Looks like this happens most on your Core i7-2600K CPU. You running this with 8 simultaeneous tasks at once? That's probably the way to get the most work out of the CPU, but performance per job will be significantly lower than when only one is run since (a) hyperthreading shares processing resources between multiple threads and (b) the CPU clocks itself higher when only 1 or 2 cores are in use. I suspect the BOINC CPU benchmark runs as a single-threaded benchmark, which means actual performance processing work will be lower than expected (at least initially for each app version) and thus BOINC underestimates how long the workunits need to run. Probably we should increase the cut-off limit to compensate.

biodoc
Send message
Joined: Jan 14 08
Posts: 17
Credit: 602,969
RAC: 0

Looks like this happens most on your Core i7-2600K CPU. You running this with 8 simultaeneous tasks at once? That's probably the way to get the most work out of the CPU, but performance per job will be significantly lower than when only one is run since (a) hyperthreading shares processing resources between multiple threads and (b) the CPU clocks itself higher when only 1 or 2 cores are in use. I suspect the BOINC CPU benchmark runs as a single-threaded benchmark, which means actual performance processing work will be lower than expected (at least initially for each app version) and thus BOINC underestimates how long the workunits need to run. Probably we should increase the cut-off limit to compensate.

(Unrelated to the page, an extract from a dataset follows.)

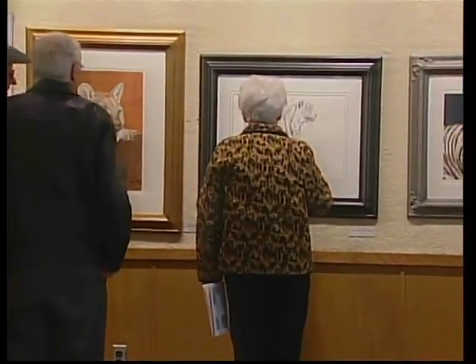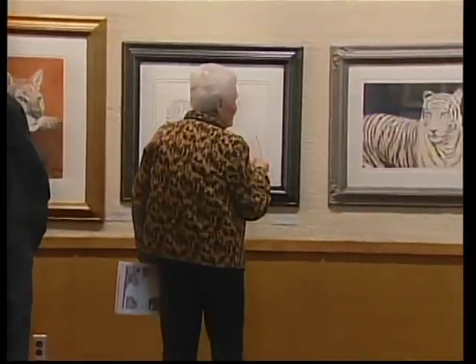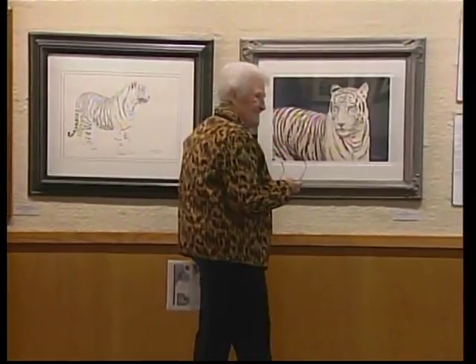Carlisle donates 10% made on those pieces that include those cats back to the Pride Rock Wildlife Refuge, where he creates many of his works. His mission is to portray wild animals in their noble state, to help in their preservation, conservation, and sustainability. He wants to help those wild animals.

I'm pretty sure I disabled the "Turbo boost" mode in the bios but I'll check the next time I reboot. All 8 threads are running malaria and one other DC project. I did clock back both machines a month or so back due to the hot summer weather. I ran the Boinc CPU benchmarks yesterday just to make sure they are in line with the lower clock settings.

biodoc
Send message
Joined: Jan 14 08
Posts: 17
Credit: 602,969
RAC: 0

I check the "top hosts" page and most of the top computers are having the same problem/error to varying degrees. Here's one for example.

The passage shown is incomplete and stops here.